Yeah, looks like it's for function alignment padding. It's a pretty common thing...

pbsd · on Dec 1, 2014

You can do an unconditional jump every 1 or 2 cycles, depending on the chip, whereas no chip I know of can execute more than 4 nops per cycle. Therefore I would say the jump is probably marginally faster than 12 nops.

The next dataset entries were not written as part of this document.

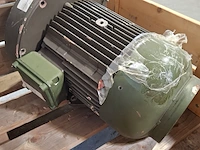 2x elektromotor, o.a kirsch, o.a d5500 - afbeelding 7 van  8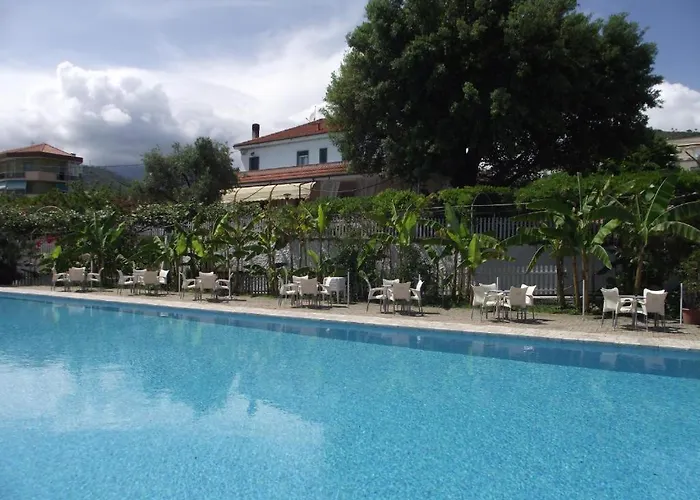 Al Borgo Village شقة فندقية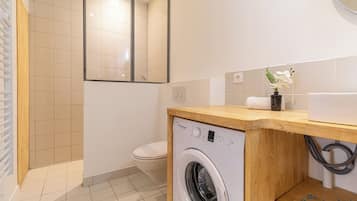 Doccia, asciugacapelli, asciugamani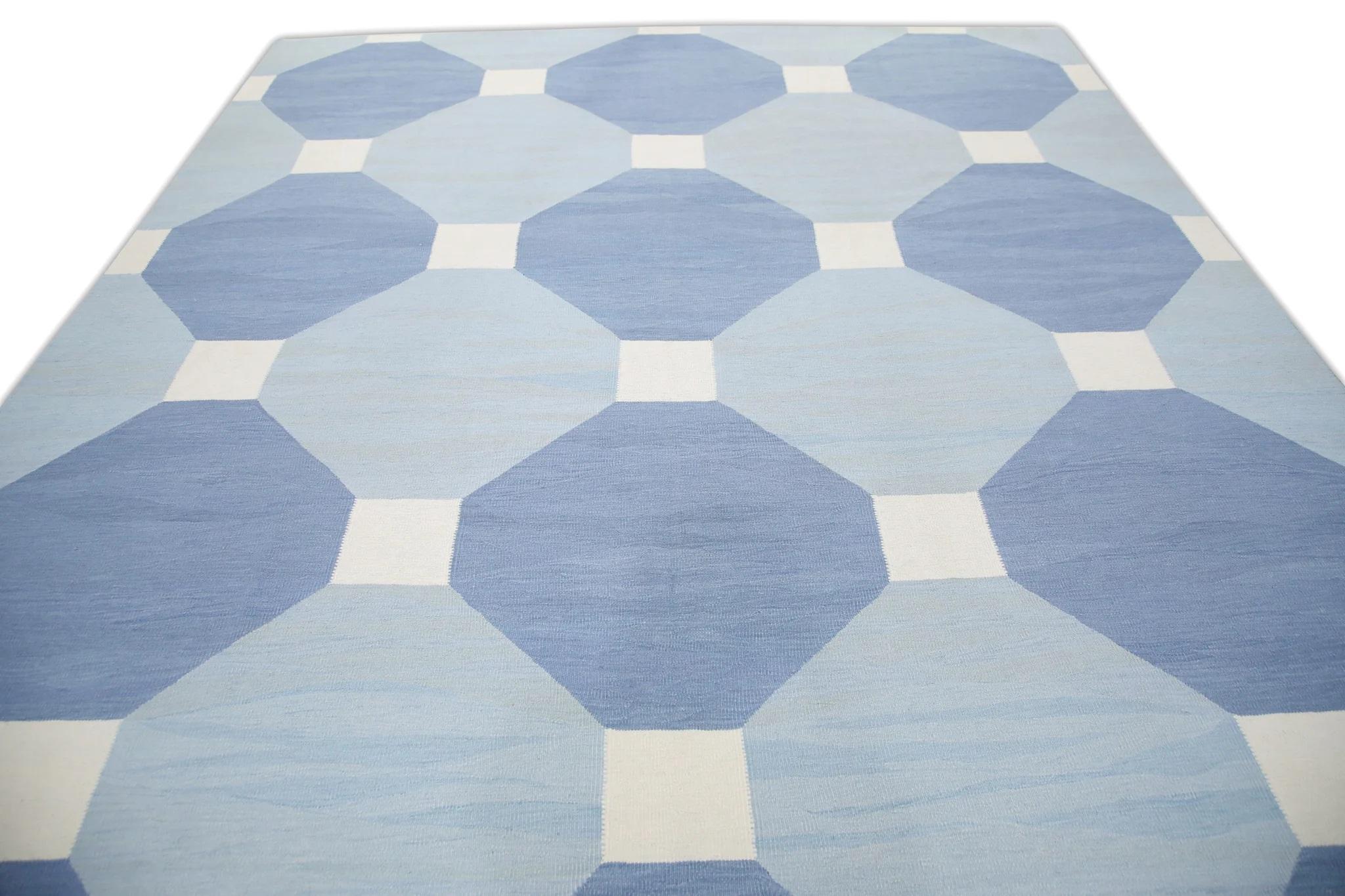 Blauer handgefertigter Flachgewebe-Wollteppich in geometrischem Design 9'4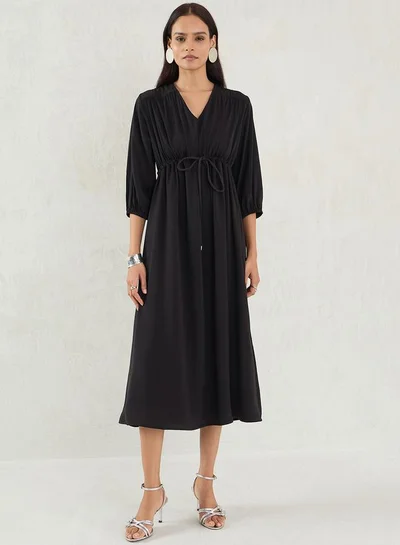 Femmella Tie Waist Midi Dress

Smart toolchains will turn those 12 bytes into 2 multi-byte nops, e.g., a 9-byte one and a 3-byte one.

0x0 · on Dec 1, 2014

What does a 9byte NOP look like?

pkhuong · on Dec 1, 2014

https://github.com/sbcl/sbcl/blob/master/src/compiler/x86-64... has

0x66 0x0f 0x1f 0x84 0x00 0x00 0x00 0x00 0x00

That's a size override prefix, followed by the dedicated NOP instruction (0x0f 0x1f), and finally 6 bytes to encode an effective address with offset.

makomk · on Dec 2, 2014

Multi-byte nops have compatibility issues on some of the more obscure 32-bit x86 CPUs, unfortunately: https://sourceware.org/bugzilla/show_bug.cgi?id=13675

pkhuong · on Dec 2, 2014

Right… you have to check cpuid for the long nop feature. I believe 0x66 0x90 is compatible (but slow, I would expect) with older CPUs.

pbsd · on Dec 1, 2014

    nop word ptr [eax+eax+0] ; 66 0f 1f 84 00 00 00 00 00

danielweber · on Dec 2, 2014

Do JMPs invalidate caches? That was the story I was telling myself where 12 NOPs would be faster than JMPing; I don't know if it's true.

jlebar · on Dec 2, 2014

Loops can be implemented with JMPs, and it would be Very Bad if every iteration of a loop invalidated caches. (In fact, it would be Very Bad if just about anything common invalidated caches, given how important they are to modern CPU performance.)

pbsd · on Dec 2, 2014

I don't know what exactly you mean by that, but I'm going with no. Unconditional jumps do interact with the uops cache in recent Intel chips, but they do so by terminating the current uops cache line---which is generally desirable.

pkhuong · on Dec 1, 2014

Long nops would be marginally quicker.